Secrets of the Vatican is an American television documentary film. It was first aired on the PBS Channel on 25 February 2014 as an episode of PBS' Frontline TV series.

The film covers the period after the death of John Paul II until the first year of Pope Francis, and it posits a theory of what made Pope Benedict XVI resign from the papacy in 2013. It presents a return of trust in the Vatican and its new Pope, Francis, by millions of Roman Catholics after a long period of controversy regarding sexual abuse by Church authorities.

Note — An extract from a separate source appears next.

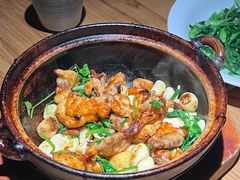 -荣小馆(杭州大厦店)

It delves into reports of the existence of a "gay mafia" inside the Church and highlights the scandal involving the Legionnaires of Christ founder Marcial Maciel, who allegedly had the backing of John Paul II.

The film also tackles the papacy's struggles with cleaning up the Vatican Bank of its corrupt financial policies as an international institution by starting with Benedict XVI's hindered investigations and ending in Francis' supposedly radical initial reforms.

The film approaches the controversial topics of the documentary not from perspectives outside of the Church but with testimonies by devoted Catholics: sexual abuse victims, corruption witnesses and priest investigators.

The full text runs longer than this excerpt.